Nearly 40 years after the murder of John Lennon, Mark David Chapman, who committed the crime, was denied parole for the 11th time. During the appearance in August, Chapman also admitted to why he took the life of the legendary musician.
In addition, the murderer, who is now 65 years old, said that he deserved the death penalty after taking the life of the former Beatle, while regretting what he did on December 8, 1980.
John Lennon's murderer confesses and apologizes
Chapman revealed that, as a 25-year-old, he took John Lennon's life in a selfish act to obtain glory, as Lennon was someone extremely famous.
"I have no excuse. This was for self-glory. I think it's the worst crime that there could be to do something to someone that's innocent," Chapman said in a newly-released parole hearing transcript.
"(Lennon) was extremely famous. I didn't kill him because of his character or the kind of man he was. He was a family man. He was an icon. He was someone that spoke of things that now we can speak of and it's great.
"I assassinated him, to use your word earlier, because he was very, very, very famous and that's the only reason and I was very, very, very, very much seeking self-glory, very selfish," he added.
Mark David Chapman regrets the pain brought upon Yoko Ono
At the same time, Chapman stressed that he regrets what he did almost four decades ago, especially for the pain it caused Lennon's partner, Yoko Ono.
"I just want to reiterate that I am sorry for my crime (…) I'm sorry for the pain that I caused to her (Ono). I think about it all of the time," Chapman said.
In addition, Chapman admitted that the act he carried out deserved a death penalty sentence, a measure abolished in New York as of 2007.

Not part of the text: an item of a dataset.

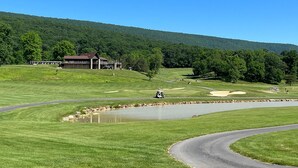 Un campo de golf con un club house, un estanque y una colina boscosa al fondo.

"When you knowingly plot someone's murder and know it's wrong and you do it for yourself, that's a death penalty right there in my opinion," he concluded.
In August, Chapman was denied parole for the 11th time. He's serving 20 years to life for the second-degree murder of Lennon in 1980, and will be up for parole again in August 2022. Oct. 9, 2020 will mark what would've been Lennon's 80th birthday.